Child care workers should be seen and not heard?

Child Care “zealot” Michael Demers considers the Child and Youth Care Worker’s role on the treatment team

The team approach has received a great deal of attention in the last couple of years as more and more Child and Youth Care professionals are responsible for helping to coordinate services to children and youth.

Although we are often asked to be a part of team conferences, there is often confusion as to the role of the Child and Youth Care worker in these meetings. In writing this brief article I am not proposing to offer a definitive answer, but rather to ask some questions which will help me – and perhaps you – to clarify what our role should be.

Before I get into a discussion of the team want to reflect a little on what I think the nature of our work really is.

Special work
A friend of mine, who at the time was a client, came over to my house at three in the morning. His father, who was a life-long alcoholic, had just pushed and pushed my friend to the point that the boy finally turned on his father, pushing him into a wall and breaking his father’s collar bone. This boy was now sitting on the floor in my bedroom with his knees up to his face. Because it was late his sobbing sounded all that much louder.

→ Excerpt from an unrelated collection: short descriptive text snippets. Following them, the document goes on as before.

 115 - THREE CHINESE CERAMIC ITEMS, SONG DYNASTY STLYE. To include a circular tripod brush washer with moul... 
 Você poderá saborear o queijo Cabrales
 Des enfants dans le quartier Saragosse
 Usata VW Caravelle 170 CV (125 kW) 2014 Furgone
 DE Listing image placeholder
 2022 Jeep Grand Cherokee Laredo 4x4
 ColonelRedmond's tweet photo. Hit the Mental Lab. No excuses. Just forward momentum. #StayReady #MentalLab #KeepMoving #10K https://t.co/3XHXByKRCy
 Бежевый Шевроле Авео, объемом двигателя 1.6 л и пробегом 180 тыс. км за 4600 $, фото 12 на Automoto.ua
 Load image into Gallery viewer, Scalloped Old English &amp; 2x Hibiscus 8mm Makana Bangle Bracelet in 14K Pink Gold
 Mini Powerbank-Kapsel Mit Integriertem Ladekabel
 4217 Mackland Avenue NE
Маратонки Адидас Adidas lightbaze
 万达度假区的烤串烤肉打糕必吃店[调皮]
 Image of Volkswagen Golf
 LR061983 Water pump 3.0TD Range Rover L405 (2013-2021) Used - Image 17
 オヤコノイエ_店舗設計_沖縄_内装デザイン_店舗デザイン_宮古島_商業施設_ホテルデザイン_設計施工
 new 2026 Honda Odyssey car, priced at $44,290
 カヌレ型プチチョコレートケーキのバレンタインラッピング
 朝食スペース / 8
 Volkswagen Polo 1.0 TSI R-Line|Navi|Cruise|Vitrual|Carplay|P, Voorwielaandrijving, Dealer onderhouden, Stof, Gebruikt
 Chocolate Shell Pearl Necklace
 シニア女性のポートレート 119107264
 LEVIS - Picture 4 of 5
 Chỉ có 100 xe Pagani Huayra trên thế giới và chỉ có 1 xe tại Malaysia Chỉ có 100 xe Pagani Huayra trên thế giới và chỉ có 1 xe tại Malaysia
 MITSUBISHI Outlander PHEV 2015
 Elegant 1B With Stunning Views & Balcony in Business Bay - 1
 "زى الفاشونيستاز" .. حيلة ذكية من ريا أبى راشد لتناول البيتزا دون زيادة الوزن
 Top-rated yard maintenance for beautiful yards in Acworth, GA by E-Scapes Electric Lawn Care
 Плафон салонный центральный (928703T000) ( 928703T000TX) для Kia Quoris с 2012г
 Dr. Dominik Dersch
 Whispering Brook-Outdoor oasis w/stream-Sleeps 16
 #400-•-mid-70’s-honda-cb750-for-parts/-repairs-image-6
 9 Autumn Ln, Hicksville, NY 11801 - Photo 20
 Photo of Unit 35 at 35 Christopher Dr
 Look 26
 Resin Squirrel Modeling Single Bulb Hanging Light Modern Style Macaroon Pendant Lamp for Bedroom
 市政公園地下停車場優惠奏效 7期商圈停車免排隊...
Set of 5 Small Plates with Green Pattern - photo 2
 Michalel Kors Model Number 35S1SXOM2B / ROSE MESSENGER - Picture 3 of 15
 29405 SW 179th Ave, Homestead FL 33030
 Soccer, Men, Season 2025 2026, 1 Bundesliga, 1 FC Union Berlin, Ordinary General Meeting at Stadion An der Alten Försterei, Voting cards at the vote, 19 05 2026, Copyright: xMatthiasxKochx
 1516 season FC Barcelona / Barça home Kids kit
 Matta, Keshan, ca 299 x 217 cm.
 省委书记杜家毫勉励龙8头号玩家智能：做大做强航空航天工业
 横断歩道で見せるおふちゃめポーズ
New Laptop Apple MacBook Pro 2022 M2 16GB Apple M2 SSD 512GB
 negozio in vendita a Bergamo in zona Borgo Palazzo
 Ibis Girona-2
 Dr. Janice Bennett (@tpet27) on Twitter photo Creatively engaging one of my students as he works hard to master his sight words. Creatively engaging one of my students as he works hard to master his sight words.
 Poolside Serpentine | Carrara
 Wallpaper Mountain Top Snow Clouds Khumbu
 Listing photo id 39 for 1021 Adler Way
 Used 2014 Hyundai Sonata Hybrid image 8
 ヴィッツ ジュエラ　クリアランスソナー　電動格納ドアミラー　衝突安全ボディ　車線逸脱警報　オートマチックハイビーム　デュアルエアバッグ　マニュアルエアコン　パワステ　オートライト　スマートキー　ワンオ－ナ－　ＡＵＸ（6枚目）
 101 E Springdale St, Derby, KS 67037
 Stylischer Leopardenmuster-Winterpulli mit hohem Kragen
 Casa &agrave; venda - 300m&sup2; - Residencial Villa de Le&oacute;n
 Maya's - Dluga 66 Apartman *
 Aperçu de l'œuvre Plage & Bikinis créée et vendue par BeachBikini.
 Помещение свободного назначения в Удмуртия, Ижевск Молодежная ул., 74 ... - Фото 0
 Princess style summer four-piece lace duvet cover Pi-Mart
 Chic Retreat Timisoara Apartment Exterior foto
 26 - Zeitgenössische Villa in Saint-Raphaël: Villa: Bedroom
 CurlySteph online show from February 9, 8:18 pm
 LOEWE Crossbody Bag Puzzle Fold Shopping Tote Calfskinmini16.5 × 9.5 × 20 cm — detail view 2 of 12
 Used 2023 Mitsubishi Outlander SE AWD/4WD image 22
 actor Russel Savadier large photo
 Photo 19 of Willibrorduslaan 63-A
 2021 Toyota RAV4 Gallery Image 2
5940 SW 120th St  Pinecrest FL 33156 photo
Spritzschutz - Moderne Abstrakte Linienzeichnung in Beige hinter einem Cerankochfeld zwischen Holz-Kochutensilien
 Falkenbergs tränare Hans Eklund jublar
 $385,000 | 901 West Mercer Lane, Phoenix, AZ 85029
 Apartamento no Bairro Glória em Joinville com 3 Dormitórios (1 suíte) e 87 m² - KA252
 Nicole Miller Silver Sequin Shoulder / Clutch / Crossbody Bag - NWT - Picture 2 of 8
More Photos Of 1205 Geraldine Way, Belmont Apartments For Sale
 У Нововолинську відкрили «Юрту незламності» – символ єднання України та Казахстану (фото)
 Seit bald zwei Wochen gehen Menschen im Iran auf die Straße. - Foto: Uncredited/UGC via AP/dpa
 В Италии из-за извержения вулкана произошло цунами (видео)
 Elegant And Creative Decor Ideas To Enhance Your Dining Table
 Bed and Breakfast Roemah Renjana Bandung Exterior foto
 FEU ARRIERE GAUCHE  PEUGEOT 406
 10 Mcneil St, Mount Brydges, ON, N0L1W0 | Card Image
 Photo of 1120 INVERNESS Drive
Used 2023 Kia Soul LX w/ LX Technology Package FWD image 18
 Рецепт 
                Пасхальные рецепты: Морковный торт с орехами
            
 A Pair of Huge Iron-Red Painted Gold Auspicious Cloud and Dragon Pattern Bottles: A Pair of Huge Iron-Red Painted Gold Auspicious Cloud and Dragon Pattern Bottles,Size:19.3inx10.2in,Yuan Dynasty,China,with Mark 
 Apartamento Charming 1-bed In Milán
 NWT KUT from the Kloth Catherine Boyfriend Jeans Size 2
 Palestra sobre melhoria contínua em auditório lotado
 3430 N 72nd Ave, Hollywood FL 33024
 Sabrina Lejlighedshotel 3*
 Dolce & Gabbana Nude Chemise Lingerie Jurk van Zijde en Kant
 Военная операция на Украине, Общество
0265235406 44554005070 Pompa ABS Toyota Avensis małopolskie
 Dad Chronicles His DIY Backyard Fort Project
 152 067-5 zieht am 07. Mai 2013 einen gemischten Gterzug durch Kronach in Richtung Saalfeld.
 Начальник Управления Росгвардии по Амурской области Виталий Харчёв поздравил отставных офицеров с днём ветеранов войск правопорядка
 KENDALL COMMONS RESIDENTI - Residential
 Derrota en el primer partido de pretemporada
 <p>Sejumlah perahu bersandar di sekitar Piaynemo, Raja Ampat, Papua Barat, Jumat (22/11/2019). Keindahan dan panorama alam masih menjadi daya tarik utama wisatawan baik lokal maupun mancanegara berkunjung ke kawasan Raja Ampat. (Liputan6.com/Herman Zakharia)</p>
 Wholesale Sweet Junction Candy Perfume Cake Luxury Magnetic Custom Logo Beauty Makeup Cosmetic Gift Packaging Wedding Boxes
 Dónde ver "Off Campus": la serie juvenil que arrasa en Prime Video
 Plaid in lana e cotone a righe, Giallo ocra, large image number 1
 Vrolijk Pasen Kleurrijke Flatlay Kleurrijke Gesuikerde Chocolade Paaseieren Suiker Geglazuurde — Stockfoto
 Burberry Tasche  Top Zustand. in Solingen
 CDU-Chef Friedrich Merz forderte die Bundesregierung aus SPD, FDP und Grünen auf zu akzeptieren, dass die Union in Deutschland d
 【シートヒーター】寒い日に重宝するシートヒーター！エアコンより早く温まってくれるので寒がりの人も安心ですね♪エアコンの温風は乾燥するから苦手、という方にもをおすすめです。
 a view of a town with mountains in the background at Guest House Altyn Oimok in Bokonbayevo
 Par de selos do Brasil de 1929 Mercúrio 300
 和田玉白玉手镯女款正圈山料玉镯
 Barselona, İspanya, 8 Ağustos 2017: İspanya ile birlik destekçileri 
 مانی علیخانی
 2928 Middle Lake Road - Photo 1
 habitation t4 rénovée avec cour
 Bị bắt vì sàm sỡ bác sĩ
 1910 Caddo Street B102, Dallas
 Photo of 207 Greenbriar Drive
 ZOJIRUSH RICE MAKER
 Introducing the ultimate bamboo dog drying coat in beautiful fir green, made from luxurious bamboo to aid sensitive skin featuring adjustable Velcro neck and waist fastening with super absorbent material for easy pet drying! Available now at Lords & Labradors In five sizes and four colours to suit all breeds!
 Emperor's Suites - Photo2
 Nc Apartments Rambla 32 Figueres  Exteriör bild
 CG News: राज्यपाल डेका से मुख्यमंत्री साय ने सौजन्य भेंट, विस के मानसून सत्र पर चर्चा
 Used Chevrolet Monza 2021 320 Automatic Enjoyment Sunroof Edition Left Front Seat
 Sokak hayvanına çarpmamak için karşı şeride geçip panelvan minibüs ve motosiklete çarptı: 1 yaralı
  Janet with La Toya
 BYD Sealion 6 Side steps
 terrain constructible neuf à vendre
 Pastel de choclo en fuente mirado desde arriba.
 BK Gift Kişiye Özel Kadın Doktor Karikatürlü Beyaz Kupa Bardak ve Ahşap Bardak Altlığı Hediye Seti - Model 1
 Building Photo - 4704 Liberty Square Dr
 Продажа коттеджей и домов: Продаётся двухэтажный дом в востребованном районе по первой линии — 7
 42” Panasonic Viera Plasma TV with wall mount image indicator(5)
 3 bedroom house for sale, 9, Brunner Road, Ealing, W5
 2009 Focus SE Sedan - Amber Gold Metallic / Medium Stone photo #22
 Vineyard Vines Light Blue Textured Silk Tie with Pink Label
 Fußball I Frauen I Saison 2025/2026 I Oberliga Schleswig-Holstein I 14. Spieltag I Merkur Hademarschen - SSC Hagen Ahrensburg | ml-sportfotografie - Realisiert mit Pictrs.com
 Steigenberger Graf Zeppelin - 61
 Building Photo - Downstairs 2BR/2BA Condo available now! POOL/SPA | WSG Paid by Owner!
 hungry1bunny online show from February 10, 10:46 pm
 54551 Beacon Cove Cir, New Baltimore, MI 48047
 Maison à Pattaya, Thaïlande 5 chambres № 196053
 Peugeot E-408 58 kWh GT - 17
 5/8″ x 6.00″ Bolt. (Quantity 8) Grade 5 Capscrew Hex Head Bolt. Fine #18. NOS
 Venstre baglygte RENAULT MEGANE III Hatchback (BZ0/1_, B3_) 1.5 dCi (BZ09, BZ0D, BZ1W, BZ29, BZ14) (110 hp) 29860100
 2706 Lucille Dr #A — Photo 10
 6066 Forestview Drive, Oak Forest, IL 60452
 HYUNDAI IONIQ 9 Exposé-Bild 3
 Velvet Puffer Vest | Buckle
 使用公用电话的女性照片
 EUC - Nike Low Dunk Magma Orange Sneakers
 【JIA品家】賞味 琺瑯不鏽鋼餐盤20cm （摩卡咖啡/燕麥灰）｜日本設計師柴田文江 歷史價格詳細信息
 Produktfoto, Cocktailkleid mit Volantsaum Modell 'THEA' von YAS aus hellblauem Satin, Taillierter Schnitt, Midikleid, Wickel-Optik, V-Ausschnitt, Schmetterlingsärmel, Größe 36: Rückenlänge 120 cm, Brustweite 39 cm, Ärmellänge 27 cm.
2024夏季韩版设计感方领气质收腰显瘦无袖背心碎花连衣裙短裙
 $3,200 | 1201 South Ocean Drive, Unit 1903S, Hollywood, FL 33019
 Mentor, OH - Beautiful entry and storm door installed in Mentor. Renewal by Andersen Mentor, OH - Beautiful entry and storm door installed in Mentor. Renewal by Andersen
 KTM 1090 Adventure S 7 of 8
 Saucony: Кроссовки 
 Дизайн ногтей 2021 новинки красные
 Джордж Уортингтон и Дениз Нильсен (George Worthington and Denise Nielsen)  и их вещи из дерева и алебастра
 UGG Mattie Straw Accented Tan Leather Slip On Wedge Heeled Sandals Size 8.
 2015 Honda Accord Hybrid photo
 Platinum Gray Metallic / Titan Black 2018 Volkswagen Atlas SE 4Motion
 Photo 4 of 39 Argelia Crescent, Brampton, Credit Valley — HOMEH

And what did I have to offer? Insight? Interpretation? Reflective listening? The challenging of faulty beliefs? No, all I could do was listen. His pain was so deep that it seemed that only time could heal. All I could offer was my space and time.

In a later case management meeting, the other professionals involved with this teenager had a hard time looking past his behaviour. One person even suggested that the fact his father was an alcoholic was used as an excuse sometimes. I think it was because of attitudes like this, that the underlying pain the boy was experiencing was only understood when he was with his friends and a few adults. I knew this, but I had a hard time saying anything. After all, I was hired “to change the kid”, not the professionals working with the kid.

A child care perspective
When I get together with other professionals involved with clients I am working with, how can I present my perspective on helping which focuses on relationship?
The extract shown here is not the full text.